McKinsey estime que cinq pays du continent, qui ont opéré une transition digitale plus rapidement que les autres, offrent les meilleures perspectives de croissance. Il s’agit de l’Egypte, du Ghana, du Kenya, du Nigeria et de l’Afrique du Sud. « Il est probable qu’environ 50% des revenus des acteurs du marché des paiements électroniques au cours des prochaines années proviennent de ces cinq pays », souligne le cabinet, estimant que la croissance la plus rapide devrait être enregistrée au Nigeria (35 % par an).
Les acteurs du paiement électronique opérant au Sénégal, en Côte d’Ivoire et en Ouganda devraient également connaître une forte croissance de leurs revenus dans les années à venir.
Le rapport souligne d’autre part que la croissance démographique et l’urbanisation galopante seront les principaux moteurs de la croissance attendue du secteur sur le continent.
L’Afrique enregistre en effet le taux de croissance démographique le plus rapide au monde (2,7 % par an contre une moyenne mondiale de 1 %), alors que l’âge médian de la population africaine n’est que de 20 ans. A l’horizon 2045, plus des deux tiers devraient vivre dans les villes.

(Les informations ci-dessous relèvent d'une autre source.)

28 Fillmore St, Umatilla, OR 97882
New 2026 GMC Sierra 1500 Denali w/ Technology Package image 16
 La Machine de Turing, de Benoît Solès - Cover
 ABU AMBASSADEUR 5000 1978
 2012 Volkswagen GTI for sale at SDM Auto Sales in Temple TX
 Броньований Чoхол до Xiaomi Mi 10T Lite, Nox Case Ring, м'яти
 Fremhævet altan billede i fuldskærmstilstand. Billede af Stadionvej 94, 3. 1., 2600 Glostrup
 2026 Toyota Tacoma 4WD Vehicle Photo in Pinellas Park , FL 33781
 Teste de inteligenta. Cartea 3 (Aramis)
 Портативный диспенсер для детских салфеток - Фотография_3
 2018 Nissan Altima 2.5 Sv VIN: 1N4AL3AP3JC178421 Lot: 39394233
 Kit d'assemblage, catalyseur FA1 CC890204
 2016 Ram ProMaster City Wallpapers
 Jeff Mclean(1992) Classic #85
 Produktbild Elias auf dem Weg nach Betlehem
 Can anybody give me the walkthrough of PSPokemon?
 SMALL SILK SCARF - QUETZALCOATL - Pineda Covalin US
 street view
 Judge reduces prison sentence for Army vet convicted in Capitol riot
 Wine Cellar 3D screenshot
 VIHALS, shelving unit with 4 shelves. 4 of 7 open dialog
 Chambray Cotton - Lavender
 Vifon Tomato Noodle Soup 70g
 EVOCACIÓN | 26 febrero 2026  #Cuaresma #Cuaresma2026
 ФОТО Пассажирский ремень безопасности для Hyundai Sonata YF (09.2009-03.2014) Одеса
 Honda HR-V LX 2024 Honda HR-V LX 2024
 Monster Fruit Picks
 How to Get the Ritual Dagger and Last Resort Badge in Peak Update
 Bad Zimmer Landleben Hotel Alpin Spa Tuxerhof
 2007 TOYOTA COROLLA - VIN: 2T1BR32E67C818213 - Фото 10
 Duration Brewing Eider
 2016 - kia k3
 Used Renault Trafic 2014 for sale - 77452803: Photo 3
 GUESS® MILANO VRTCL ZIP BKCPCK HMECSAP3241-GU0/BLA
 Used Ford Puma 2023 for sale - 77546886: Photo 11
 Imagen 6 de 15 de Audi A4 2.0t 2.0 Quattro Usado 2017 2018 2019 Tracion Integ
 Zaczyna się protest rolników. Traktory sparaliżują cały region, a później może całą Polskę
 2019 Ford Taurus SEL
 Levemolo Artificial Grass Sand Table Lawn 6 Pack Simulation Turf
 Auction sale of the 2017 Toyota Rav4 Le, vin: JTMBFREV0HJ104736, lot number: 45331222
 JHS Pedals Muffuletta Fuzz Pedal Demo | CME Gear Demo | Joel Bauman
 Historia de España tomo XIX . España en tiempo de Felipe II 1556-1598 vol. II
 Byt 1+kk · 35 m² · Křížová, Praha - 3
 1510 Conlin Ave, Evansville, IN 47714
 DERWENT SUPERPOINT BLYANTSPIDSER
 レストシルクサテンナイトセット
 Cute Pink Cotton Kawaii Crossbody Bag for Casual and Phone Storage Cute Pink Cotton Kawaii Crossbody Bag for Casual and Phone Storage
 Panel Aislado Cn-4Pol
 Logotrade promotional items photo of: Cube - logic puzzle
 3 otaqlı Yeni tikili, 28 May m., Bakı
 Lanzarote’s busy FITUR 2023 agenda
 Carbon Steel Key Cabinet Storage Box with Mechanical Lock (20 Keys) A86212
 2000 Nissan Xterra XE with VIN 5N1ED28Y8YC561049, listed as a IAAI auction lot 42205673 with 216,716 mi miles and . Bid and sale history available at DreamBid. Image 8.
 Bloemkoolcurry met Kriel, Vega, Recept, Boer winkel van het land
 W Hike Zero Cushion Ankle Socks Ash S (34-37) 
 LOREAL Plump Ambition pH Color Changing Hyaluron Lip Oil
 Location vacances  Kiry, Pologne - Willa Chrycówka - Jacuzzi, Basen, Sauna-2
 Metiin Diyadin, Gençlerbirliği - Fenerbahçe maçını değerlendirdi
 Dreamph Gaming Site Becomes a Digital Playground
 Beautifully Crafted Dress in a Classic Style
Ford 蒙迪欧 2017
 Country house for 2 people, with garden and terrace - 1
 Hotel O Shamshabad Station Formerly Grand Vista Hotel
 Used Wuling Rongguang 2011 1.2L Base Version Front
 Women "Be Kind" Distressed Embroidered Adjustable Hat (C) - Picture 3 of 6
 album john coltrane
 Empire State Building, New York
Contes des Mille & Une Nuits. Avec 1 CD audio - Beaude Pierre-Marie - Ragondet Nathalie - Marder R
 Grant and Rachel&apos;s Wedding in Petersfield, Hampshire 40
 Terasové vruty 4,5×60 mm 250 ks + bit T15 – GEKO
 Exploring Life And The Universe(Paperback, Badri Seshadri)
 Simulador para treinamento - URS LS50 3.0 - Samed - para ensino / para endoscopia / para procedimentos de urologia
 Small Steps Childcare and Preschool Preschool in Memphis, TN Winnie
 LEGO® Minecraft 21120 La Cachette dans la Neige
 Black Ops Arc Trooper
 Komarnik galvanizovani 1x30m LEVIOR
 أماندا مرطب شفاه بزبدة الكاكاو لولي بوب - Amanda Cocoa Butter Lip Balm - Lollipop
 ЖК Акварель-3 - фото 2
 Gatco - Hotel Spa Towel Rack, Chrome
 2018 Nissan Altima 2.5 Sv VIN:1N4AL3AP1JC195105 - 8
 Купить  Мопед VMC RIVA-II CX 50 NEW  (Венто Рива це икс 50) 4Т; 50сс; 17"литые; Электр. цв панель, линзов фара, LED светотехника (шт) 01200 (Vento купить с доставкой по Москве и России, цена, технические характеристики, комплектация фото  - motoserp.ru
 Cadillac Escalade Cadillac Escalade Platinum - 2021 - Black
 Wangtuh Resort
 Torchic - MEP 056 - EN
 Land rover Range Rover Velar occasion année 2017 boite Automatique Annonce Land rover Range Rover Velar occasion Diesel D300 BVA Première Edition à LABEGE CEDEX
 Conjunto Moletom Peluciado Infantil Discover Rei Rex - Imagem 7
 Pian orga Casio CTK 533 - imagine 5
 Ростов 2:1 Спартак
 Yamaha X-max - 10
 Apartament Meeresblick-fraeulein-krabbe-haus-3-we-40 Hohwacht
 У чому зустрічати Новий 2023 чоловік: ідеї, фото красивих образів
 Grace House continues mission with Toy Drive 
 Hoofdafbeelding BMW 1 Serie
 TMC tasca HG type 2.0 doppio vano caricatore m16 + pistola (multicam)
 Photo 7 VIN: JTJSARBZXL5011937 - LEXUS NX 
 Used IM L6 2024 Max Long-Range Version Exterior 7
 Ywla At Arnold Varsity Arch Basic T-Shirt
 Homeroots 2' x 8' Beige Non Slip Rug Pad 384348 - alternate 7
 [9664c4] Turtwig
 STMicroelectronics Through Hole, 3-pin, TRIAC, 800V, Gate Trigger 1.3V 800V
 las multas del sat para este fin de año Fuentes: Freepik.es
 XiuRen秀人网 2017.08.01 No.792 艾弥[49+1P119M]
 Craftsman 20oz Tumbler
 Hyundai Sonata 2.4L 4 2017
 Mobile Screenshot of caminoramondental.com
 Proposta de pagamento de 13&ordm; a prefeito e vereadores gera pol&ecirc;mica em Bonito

Les consommateurs en Afrique continuent aussi à bénéficier de méthodes de paiement électronique alternatives. Outre les comptes de mobile money, dont le nombre a atteint 1,2 milliard en 2020, de nouvelles technologies permettent de faciliter les transactions, comme les codes QR intégrés et les cryptomonnaies, y compris celles lancées par des Banques centrales.
Le système panafricain de paiement et de règlement (PAPSS), qui permet d’effectuer des paiements transfrontaliers instantanés en monnaies locales entre les pays africains, représente aussi une évolution majeure.
Un mouvement de consolidation en vue
S’agissant des opportunités qu’offre le marché des paiements électroniques aux différents acteurs, McKinsey & Co pense que les fintechs occuperont une place plus prépondérante grâce à leurs solutions technologiques innovantes. Les consommateurs sont déjà passés des comptes de mobile money de base offrant des services de transferts d’argent de pair à pair (P2P) à des portefeuilles électroniques offrant des services financiers plus complets, dont le paiement des factures, le paiement des achats, l’épargne, les prêts et les produits d’assurance.
Les fintechs stimulent également l’adoption du paiement électronique par les petites et moyennes entreprises (PME). L’Afrique compte en effet environ 90 millions de PME, dont environ 80 % sont des entreprises informelles qui sont délaissées par les banques pour des raisons réglementaires ou des considérations liées aux coûts opérationnels.
Le rapport fait aussi remarquer que le marché des paiements électroniques recèle encore des opportunités pour les banques africaines puisque les cartes de paiement demeurent l’un des canaux les plus privilégiés, en raison notamment de leur forte pénétration sur des marchés clés comme l’Egypte, le Maroc et l’Afrique du Sud.
Les banques pourraient aussi intégrer des prêts et d’autres produits sur des plateformes tierces comme les portefeuilles électroniques et les sites de e-commerce pour étendre la portée de la distribution bien au-delà des personnes possédant un compte bancaire.
En raison de leurs grandes bases de clients et de l’étendue de leurs réseaux d’agents, les opérateurs télécoms disposent, quant à eux, d’un avantage préférentiel dans le domaine des paiements électroniques qu’ils pourraient exploiter de façon optimale en investissant dans l’innovation, y compris l’amélioration des offres actuelles, la monétisation des données clients, l’amélioration de l’expérience utilisateur et l’encouragement de la migration des grandes bases de clients hors ligne vers les canaux en ligne.
Au regard de la multitude des acteurs opérant sur le marché des paiements électroniques en Afrique, McKinsey & Co anticipe un mouvement de consolidation, qui passera par des rachats ainsi que des opérations de fusions-absorptions destinées à réaliser des économies d’échelle.